Smita Tambe is a Marathi and Hindi film, television and stage actor. She is known for her work in 72 Miles for which is won Maharashtra state award for best actress.

== Early life ==
Tambe was born in Satara, Maharashtra. She was brought up in Pune, and moved to Mumbai to pursue a career in Marathi films and television. She also pursued a PhD in Marathi Loksahitya and Samaj.

== Career ==
She had a brief role in Jogwa in 2009, and her first lead role was in Akshay Kumar's Marathi movie 72 Miles-Ek Pravas. She also owns the production house Ringing Rain, which produced Saavat in 2019. She appeared in the projects Hawa Badle Hassu, Sacred Games (Season 2) and Panga. In 2023, she appeared in the Hindi action film Jawan.

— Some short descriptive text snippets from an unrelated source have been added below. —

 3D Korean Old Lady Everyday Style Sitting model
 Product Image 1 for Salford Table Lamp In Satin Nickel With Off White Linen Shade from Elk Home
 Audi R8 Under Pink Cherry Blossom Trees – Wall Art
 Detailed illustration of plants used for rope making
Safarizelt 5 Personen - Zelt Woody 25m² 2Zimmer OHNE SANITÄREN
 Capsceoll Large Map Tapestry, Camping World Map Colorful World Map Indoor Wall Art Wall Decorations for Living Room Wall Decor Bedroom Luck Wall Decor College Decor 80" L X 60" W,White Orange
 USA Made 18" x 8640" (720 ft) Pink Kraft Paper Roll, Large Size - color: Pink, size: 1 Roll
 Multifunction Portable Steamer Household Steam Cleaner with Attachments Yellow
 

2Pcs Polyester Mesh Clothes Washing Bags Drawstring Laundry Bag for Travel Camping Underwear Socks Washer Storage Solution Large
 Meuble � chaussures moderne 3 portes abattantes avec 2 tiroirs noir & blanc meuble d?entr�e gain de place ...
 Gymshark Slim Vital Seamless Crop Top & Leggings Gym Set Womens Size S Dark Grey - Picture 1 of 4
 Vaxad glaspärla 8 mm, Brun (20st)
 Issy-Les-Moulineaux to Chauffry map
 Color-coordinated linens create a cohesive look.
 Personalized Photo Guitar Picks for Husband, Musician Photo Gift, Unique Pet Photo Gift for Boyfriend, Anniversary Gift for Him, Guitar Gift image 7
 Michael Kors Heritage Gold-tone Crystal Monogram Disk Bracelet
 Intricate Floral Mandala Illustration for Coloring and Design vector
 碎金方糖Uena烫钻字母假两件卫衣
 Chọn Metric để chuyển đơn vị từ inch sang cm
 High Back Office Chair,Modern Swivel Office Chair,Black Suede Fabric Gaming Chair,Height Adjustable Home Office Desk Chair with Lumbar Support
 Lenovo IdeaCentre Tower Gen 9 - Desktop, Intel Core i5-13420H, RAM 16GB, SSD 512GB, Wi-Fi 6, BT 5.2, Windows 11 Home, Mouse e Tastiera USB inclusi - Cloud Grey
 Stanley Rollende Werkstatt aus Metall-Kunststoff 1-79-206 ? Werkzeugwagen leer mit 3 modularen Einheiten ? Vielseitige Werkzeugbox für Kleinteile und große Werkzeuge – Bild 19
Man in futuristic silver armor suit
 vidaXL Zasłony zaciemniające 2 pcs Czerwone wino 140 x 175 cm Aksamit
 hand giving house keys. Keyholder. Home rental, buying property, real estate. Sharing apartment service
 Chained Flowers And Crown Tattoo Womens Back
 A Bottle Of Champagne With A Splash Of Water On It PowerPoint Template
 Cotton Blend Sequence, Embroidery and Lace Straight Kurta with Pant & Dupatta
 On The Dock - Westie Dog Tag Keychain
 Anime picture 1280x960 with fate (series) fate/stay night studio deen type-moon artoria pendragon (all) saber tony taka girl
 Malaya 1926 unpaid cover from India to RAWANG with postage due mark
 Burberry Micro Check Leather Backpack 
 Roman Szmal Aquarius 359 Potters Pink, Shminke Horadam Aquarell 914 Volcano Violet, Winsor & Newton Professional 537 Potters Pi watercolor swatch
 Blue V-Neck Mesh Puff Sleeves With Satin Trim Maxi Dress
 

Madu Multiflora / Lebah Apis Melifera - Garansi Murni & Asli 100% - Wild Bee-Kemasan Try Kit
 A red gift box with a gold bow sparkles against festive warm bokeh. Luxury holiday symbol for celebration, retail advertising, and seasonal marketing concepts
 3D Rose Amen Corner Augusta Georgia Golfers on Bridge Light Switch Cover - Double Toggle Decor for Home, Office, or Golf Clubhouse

Her next upcoming film is Bharat Bhhagya Viddhaata, to be released on 09 June 2026. It has been written and directed by Manoj Tapadia. The principal actors of this film are Kangana Ranaut, Girija Oak and Tambe.

== Filmography ==
===Films===

Year: Movie; Character; Language; Notes
2006: Naatigoti; Suman P. Rao; Marathi
2007: It's Breaking News; Mrs. P. Gupta
2009: Jogwa; Phula
2010: Aaghaat; Kalpana Budhkar
Sasar Maze Daivat: Neha
2011: Deool; Herself; Special appearance in song "Welcome Ho Raya"
2012: Tukaram; Manjula
2013: 72 Miles; Radhakka
Vanshvel: Herself; Special appearance in song "Ambe Krupa Kari"
2014: Candle March; Shabana
Mahaguru
Singham Returns: Usha Jadhav; Hindi
2015: Laathi; Marathi
Partu: Sugandha; Nominated Filmfare Award for Best Supporting Actress – Marathi
Bioscope
Umrika: Uday's mother; Hindi
2016: Ganvesh; Bai; Marathi
2017: Ajji; Mother; Hindi; ^{[citation needed]}
Rukh: Nandini
Noor: Malti
Kiss Kiss Ka Kissa: Shalaka
2018: Double Game
Truckbhar Swapna: Jyoti; Marathi
State Vs. Malti Mhaske: Adv. Tara Kamble
2019: Saavat; ACP Aditi Deshpande; Also co-produced the movie.
2020: Panga; Smita Dwivedi (Indian Team Captain); Hindi
Hawa Badle Hassu: Arti; Web Series on Sony Liv
My Name is Sheela: Sheela; Web series on Eros Now
Sacred Games (Season 2): ATS Analyst Rama; Netflix Show
2022: Hadal; Chandra Jadhav; Marathi
2023: Yashwant; Jaywanti; Film by Piyush Vijay Bhonde
Jawan: Kalki's Mother; Hindi
Joram: Phulo Karma
Gaurichya Lagnala Yaycha Ha: Smita; Marathi
2024: Kaasra; Anju
Babu: Charusheela Tandel
Sister Midnight: Reshma; Hindi
2025: Jai Kissan; Anju; Kannada
2026: Ladki Bahin; Uma; Marathi
Shree Baba Neeb Karori Maharaj: Kamala Mukherjee; Hindi
Bharat Bhhagya Viddhaata: Trupti Takle

===Television===

| Year | Serial | Role | Ref. |
|---|---|---|---|
| 2009-2010 | Anubandh | Supporting Role |  |
| 2020-2021 | Ladachi Mi Lek Ga! | Kamini Satam (Mummy) |  |
| 2024 | Murder In Mahim | Kalpana Jhende |  |

== Personal life ==
Tambe married theatre artist Virendra Dwivedi in 2019.